WHAT THE TASK ASKS: Pictures are to be left out. Return exactly the lines below from the one with "Le Saint Maixent, Maison" up to and including the one with "cestování. Je krásně...".

GIVEN DATA:

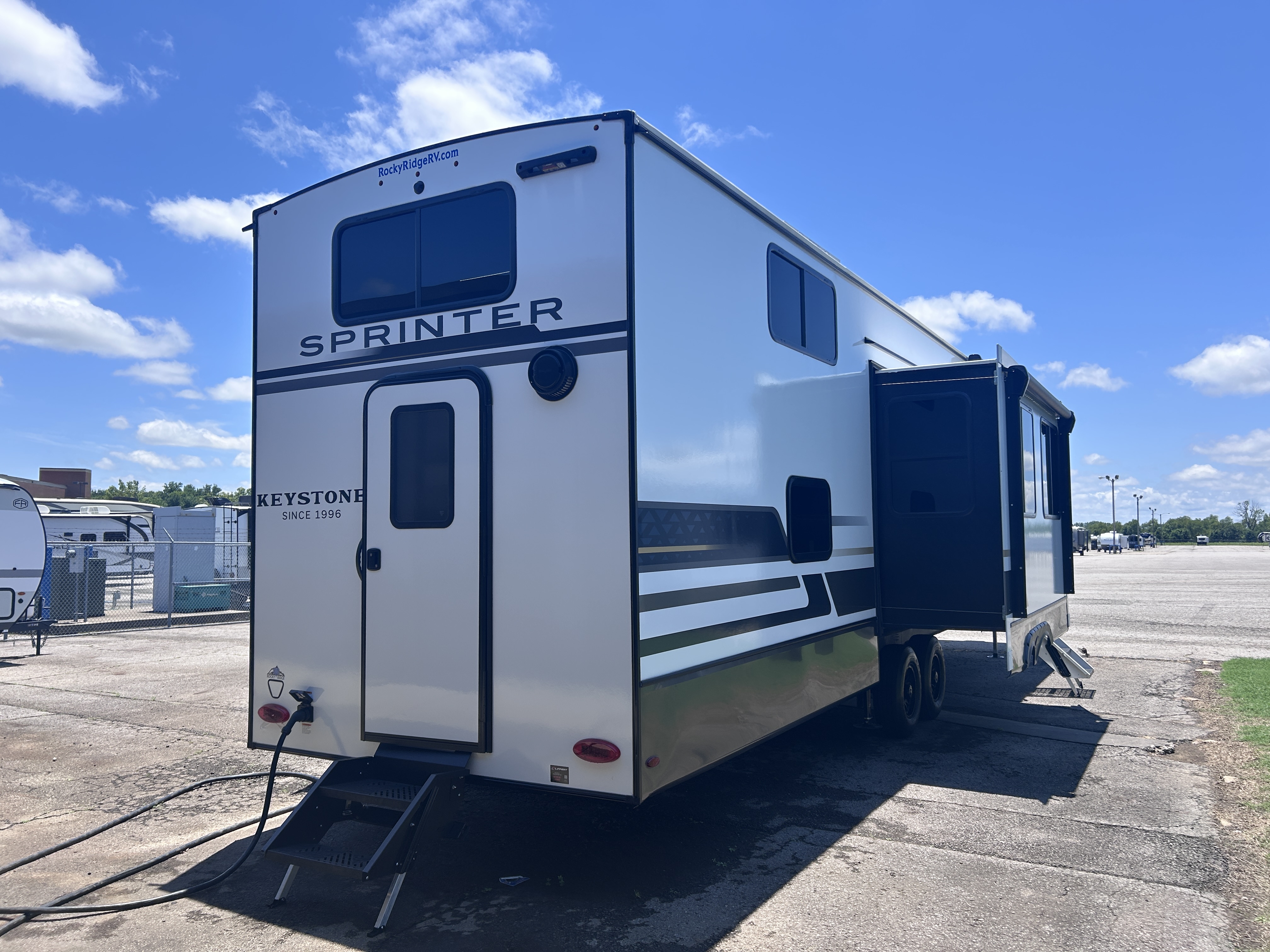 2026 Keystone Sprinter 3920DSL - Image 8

* * *

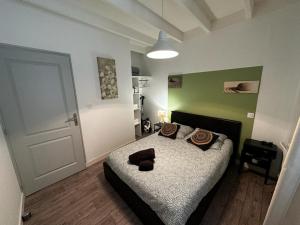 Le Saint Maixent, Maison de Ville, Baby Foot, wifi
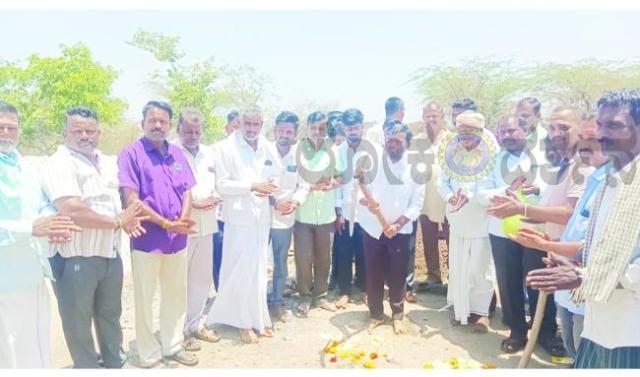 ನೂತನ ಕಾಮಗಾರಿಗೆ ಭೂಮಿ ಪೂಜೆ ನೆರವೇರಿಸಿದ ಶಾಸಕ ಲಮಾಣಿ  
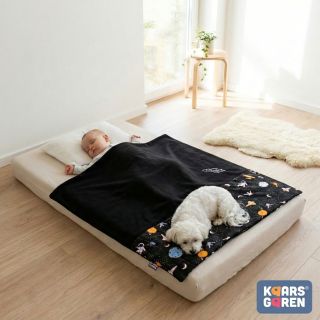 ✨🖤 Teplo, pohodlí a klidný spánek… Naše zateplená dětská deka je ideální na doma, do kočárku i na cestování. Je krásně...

EXPECTED ANSWER:
 Le Saint Maixent, Maison de Ville, Baby Foot, wifi
 ನೂತನ ಕಾಮಗಾರಿಗೆ ಭೂಮಿ ಪೂಜೆ ನೆರವೇರಿಸಿದ ಶಾಸಕ ಲಮಾಣಿ  
 ✨🖤 Teplo, pohodlí a klidný spánek… Naše zateplená dětská deka je ideální na doma, do kočárku i na cestování. Je krásně...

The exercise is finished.